The leading ethnic-wear company's 81-year-old founder and chairperson talks about what it takes to build a household brand from scratch
Meena Bindra, founder and chairperson, BIBA
Image: Madhu Kapparath
Meena Bindra, founder and chairperson, BIBA, disrupted the ethnic-wear market and built a household brand from the ground-up. “There were no models to follow. BIBA has been the first to do a lot of new things. We didn't follow anyone. People followed us,” she says in a candid chat on Forbes India Pathbreakers.
In fact, BIBA was the first brand to incorporate a shop-in-shop model to redefine the shopping experience for consumers. Also, it was the first ethnic wear company to get funding from a foreign private equity giant. In 2013, Warburg Pincus, along with Faering Capital, invested around Rs 300 crore to acquire 30 percent stake in the company.
As a housewife in her late-thirties, Bindra started the business, in the 1980s, with a bank loan of Rs 8,000. Over the decades, she has shaped the growth of organised retail and has seen the ups and downs of a rapidly evolving market.
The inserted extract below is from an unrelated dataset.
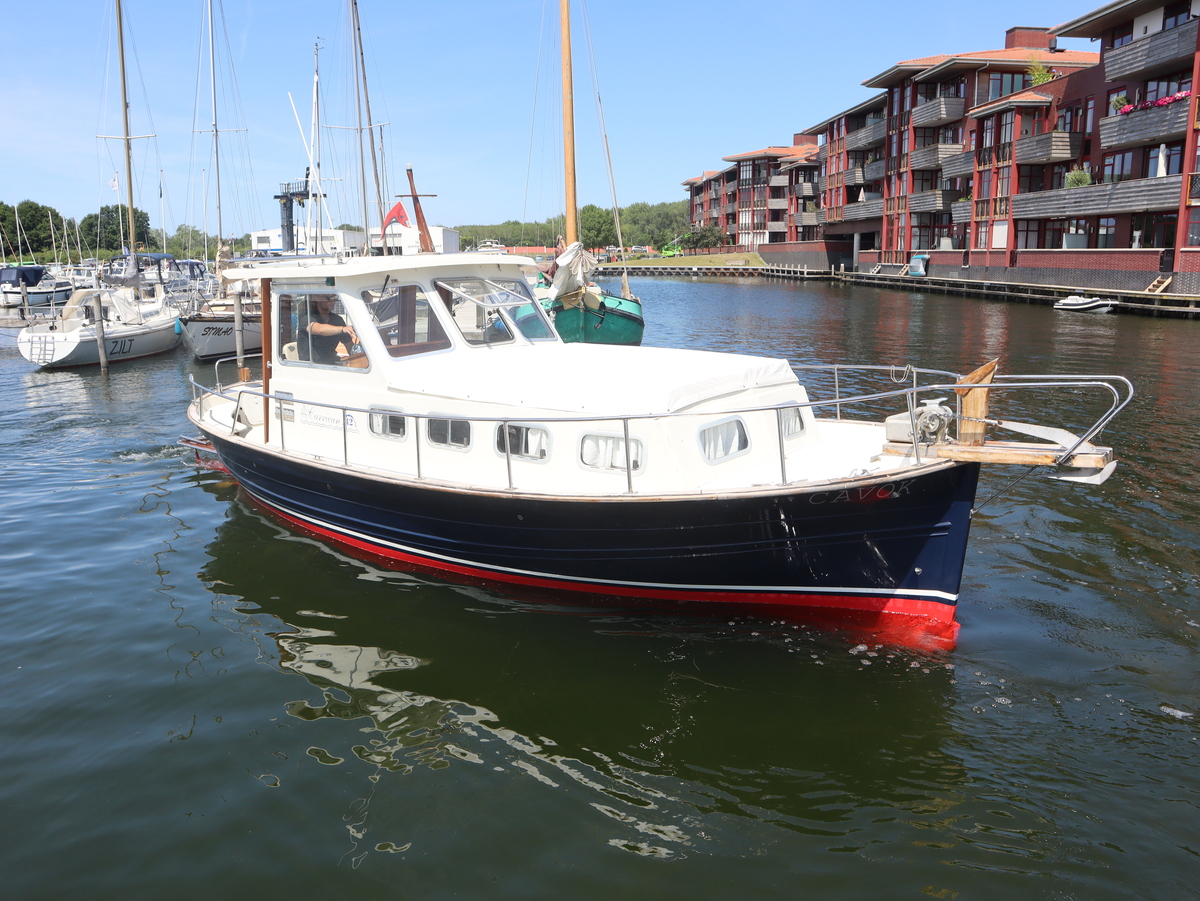 Curican 42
She has handed the company reins to her sons but she continues to be the creative powerhouse.
There is increasing competition from new-age D2C companies. “One main advantage of BIBA is that any age group of women can walk in and buy something, from a three-year old girl to an 85-year-old, very few brands have been able to have such a wide spectrum of choice,” she explains to highlight how the brand has retained its popularity for close to 40 years in a cluttered market. BIBA has over 372 stores and around 250 multi-brand outlets in the country. The brand is also present in Singapore, London, UAE, and New Jersey.
"We want to expand globally. My aspiration is for BIBA to become a large global brand," Bindra says. "We are going slow. We have to see where the market is for Indian clothes. And take the things as they come."